"Most of the time, your onboarding is not failing, it's just simply ending too soon."
What it was about
Traditional onboarding ends too soon and gets treated as a one-time event instead of an ongoing system. Organizations should replace it with 'everboarding': a milestone-based, cross-functional relay that hands employees off from the people team to managers to self-directed growth, across their first year and beyond.
By the numbers
12%
Gallup statistic: percentage of employees who feel ready and prepared to do their job after completing onboarding at their organization.
nine to 11 hours per week
Average time managers spend answering questions, cited as a cost that rises further when a new hire is added to a team.
70-20-10
The 70-20-10 learning model cited to note that formal training is only 10% of how people develop, used to argue against defaulting to more formal training as the fix for onboarding gaps.
Key notes
Stop treating onboarding as a fixed 30/60/90-day event and instead design it as a milestone-based system with no hard time constraints.
Build formal playbooks for managers on how to develop and assess new hires, since managers are the multiplier or the bottleneck for onboarding success.
Redesign measurement to predict performance and readiness rather than just tracking activity and completion of training modules.
The contrarian takeOnboarding shouldn't be fixed by building more formal training programs.
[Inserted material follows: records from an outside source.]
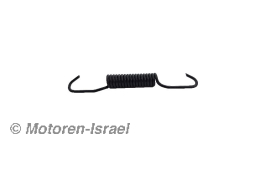 Bremsbackenfeder/Zugfeder Bremse hinten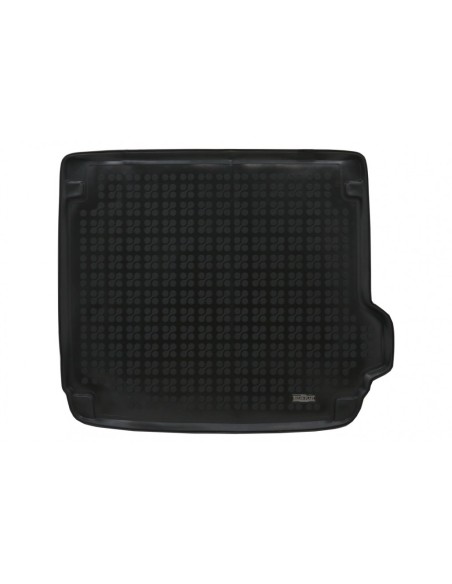 Gomma Trunk Mat nero per BMW X4 G02 SUV (18-Up)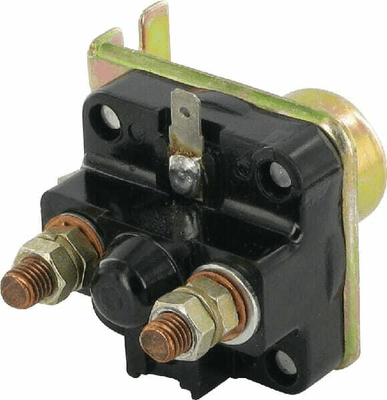 Pièces agricoles - Jardin et forêt pièce origine - Kit relais demarr.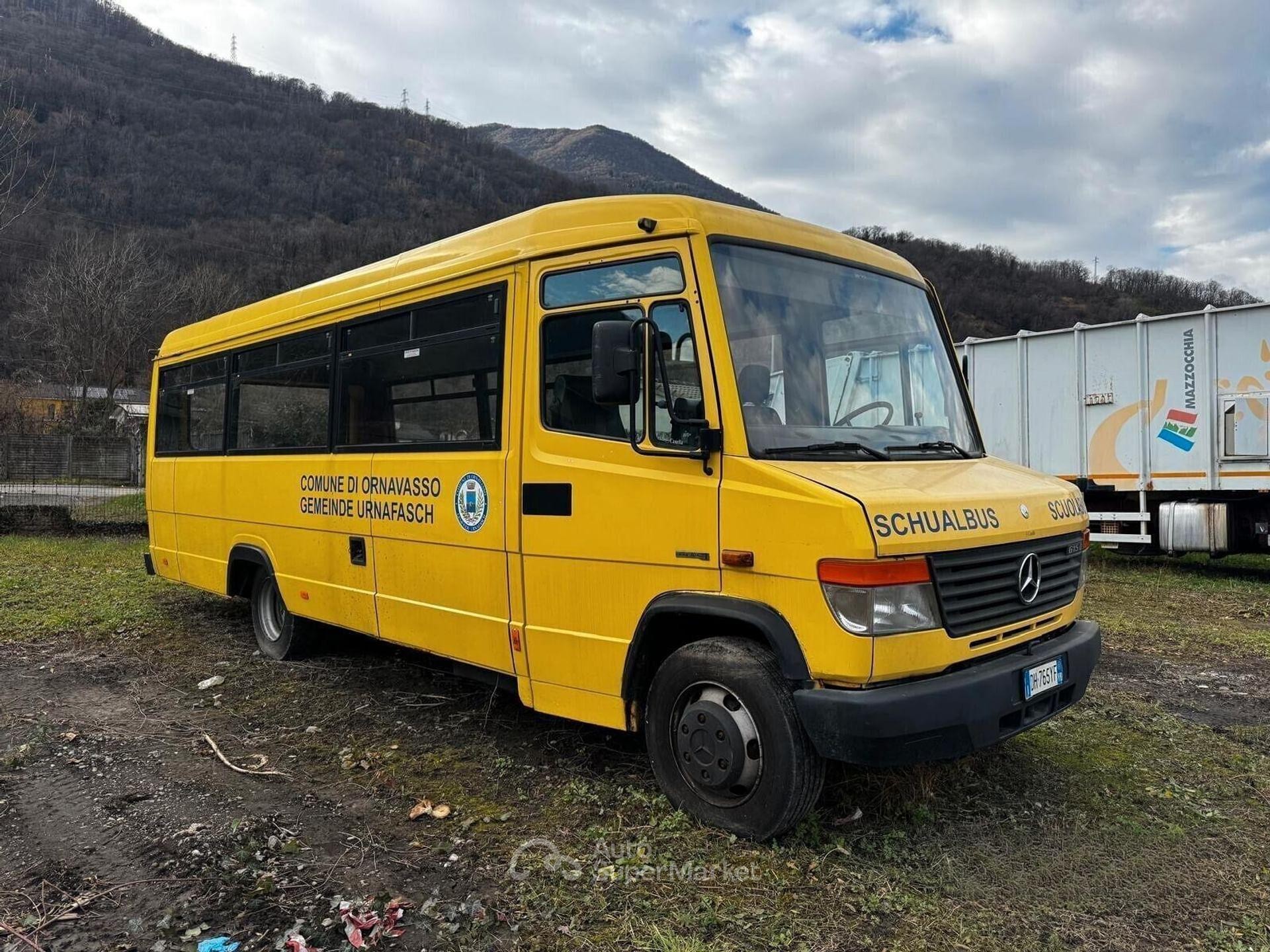 Mercedes-Benz Classe S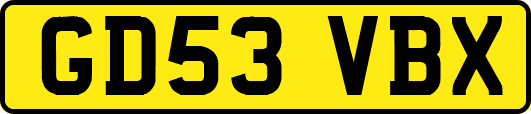 GD53VBX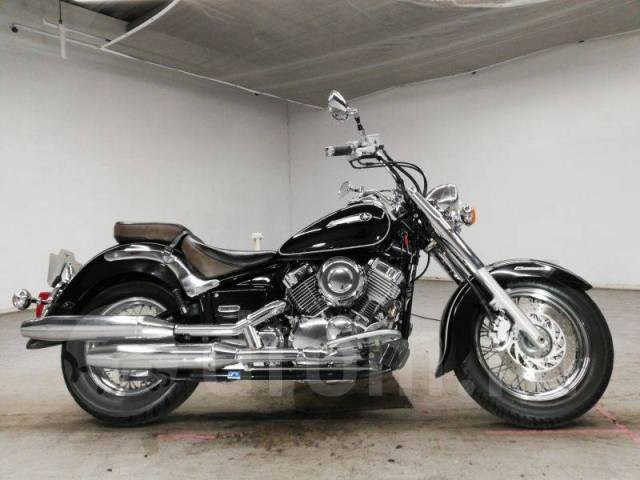 Yamaha Xvs 650 Drag Star Classic Или Custom – Вопросы о товарах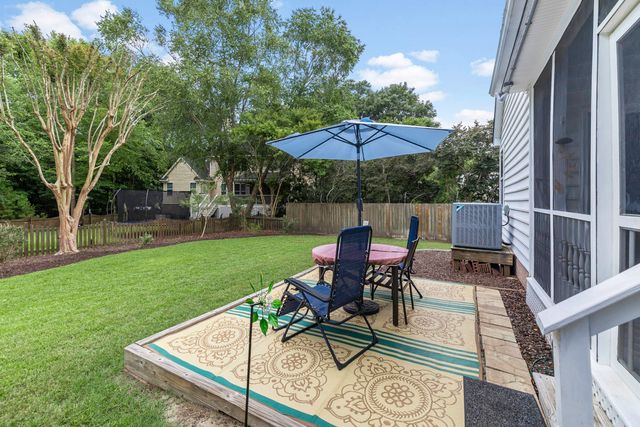 3474 Stockton Drive, Mount Pleasant, SC 29466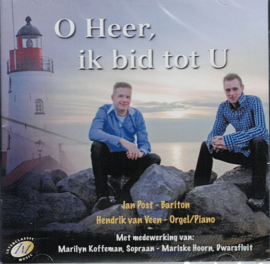 O Heer, ik bid tot U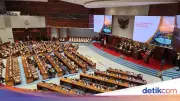 DPR Sahkan RUU PPRT Jadi Undang-Undang, Komunitas PRT Sorak di Balkon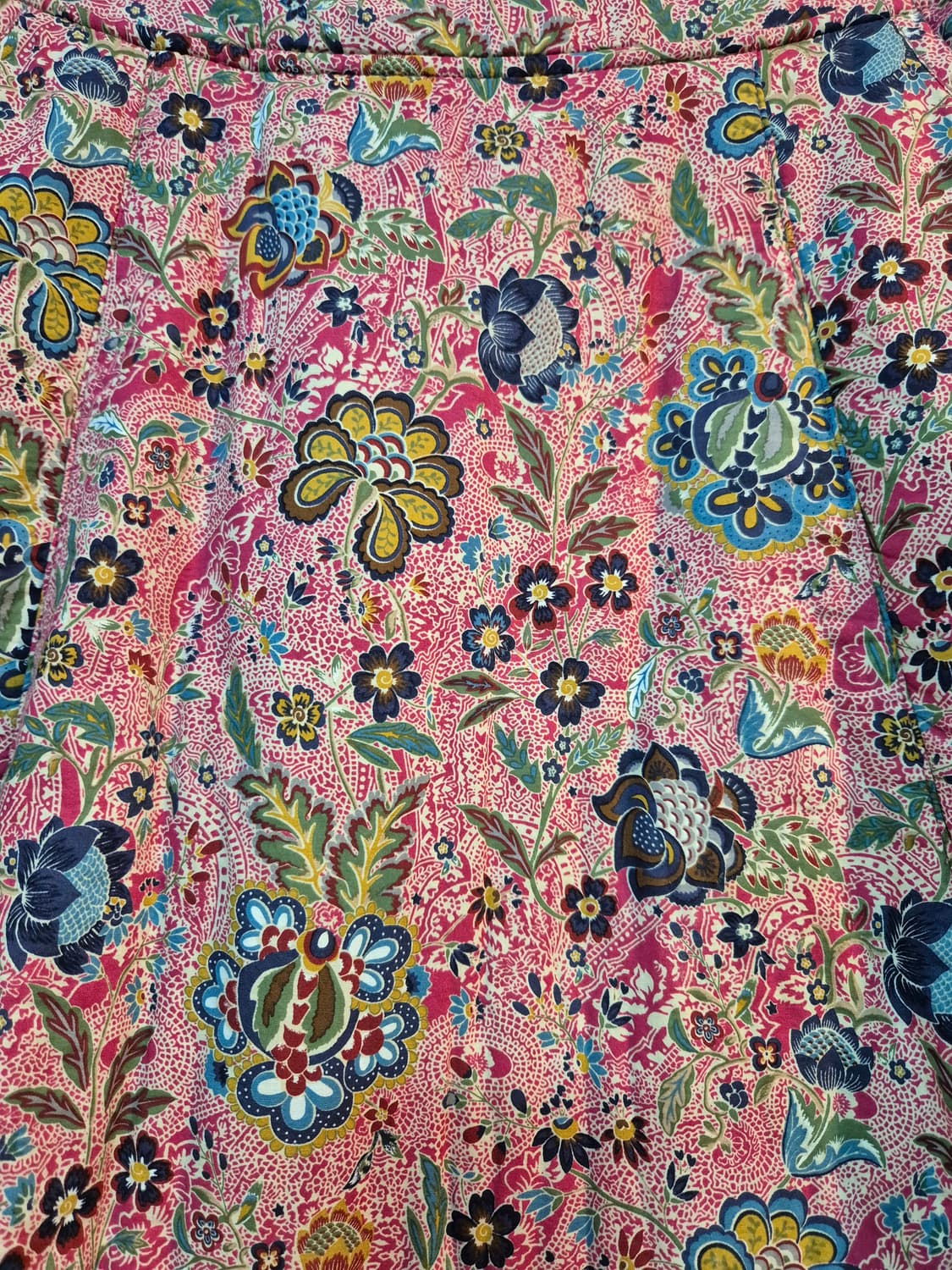 얇은 솜패딩 치마 77 88 상품이미지5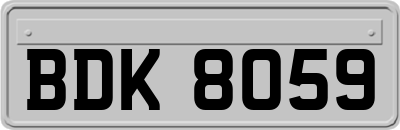 BDK8059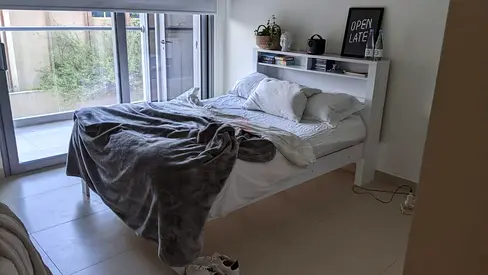 Private Room with Private Bathroom
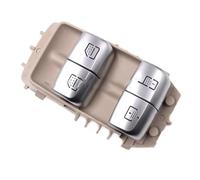 MenDaOLv Botonera Elevaluna para Peugeot para S550 S600 S63 14-16 A2229051505 2229051505 Interruptor Mando Elevalunas Accesorio De Interruptor De Ventanilla.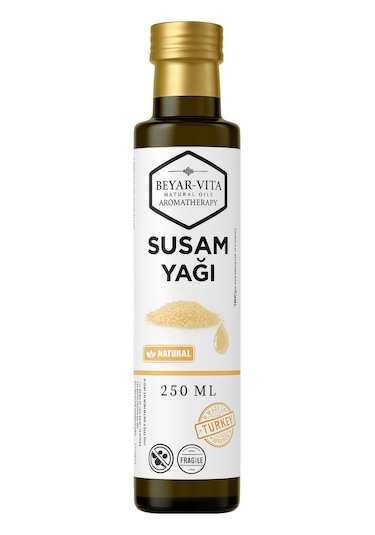Beyar Vita Susam Yağı 250 ML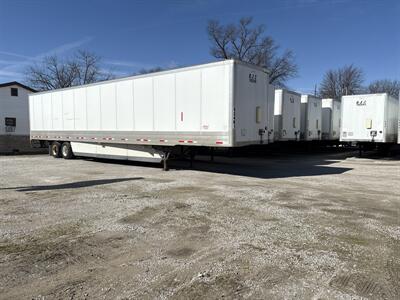 2013 Wabash National Semi Trailer - Photo 1 - Rushville, IN 46173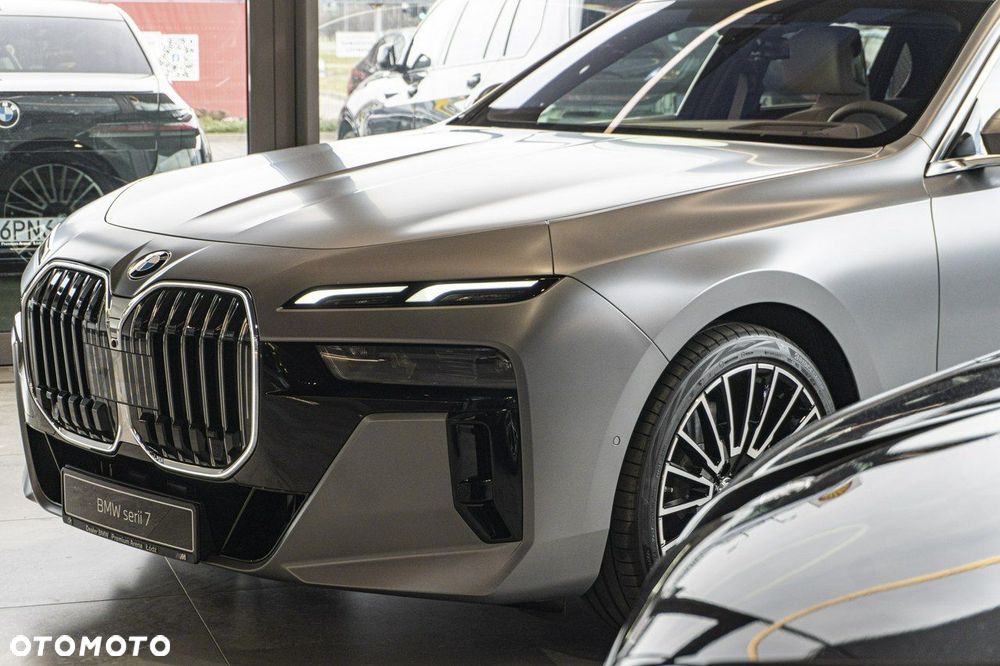 BMW Seria 7 - 5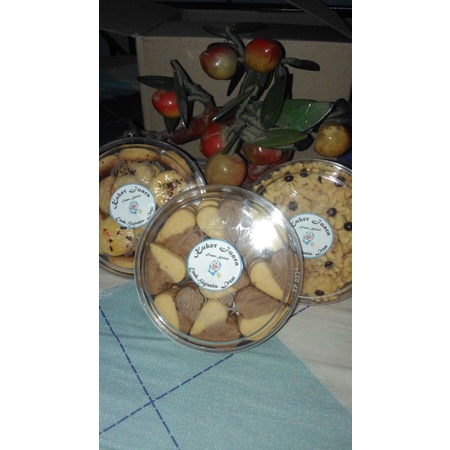 

kue lebaran endul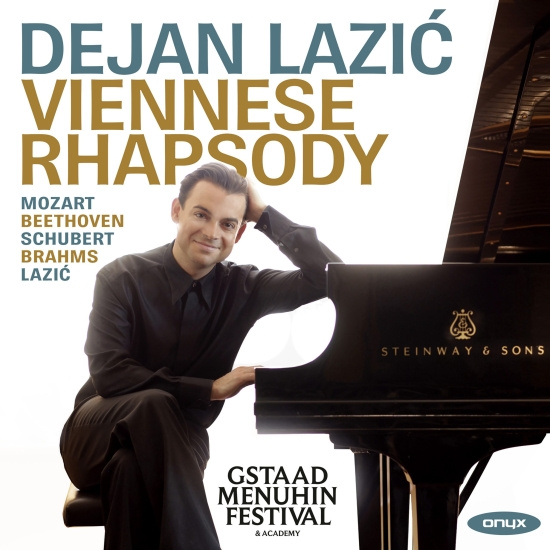Dejan Lazic - Viennese Rhapsody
The speaker argues most requests to 'fix' onboarding problems default to more training, when the real fix is systems design, cross-functional alignment, and manager enablement, not more content.
Take this back Monday
Do this for your team
Give every manager a written playbook for developing new hires, since managers are the multiplier or the bottleneck for onboarding success.
Say this in your next leadership meeting
Only 12% of employees feel ready to do their job after onboarding, per Gallup, because we treat onboarding as an event instead of an ongoing system.
Watch out for
Assuming that completing onboarding means an employee has the confidence, competence, and ability to actually do the job.
Treating onboarding as a single event or a checklist to complete rather than an ongoing system.
Front-loading all resources (time, money, people, technology) into the first week or 30 days and then abandoning support once habits have already formed.
Fun fact · Amber Watts
Amber Watts is a former Chief Revenue Officer who pivoted careers to become a talent strategist and published author.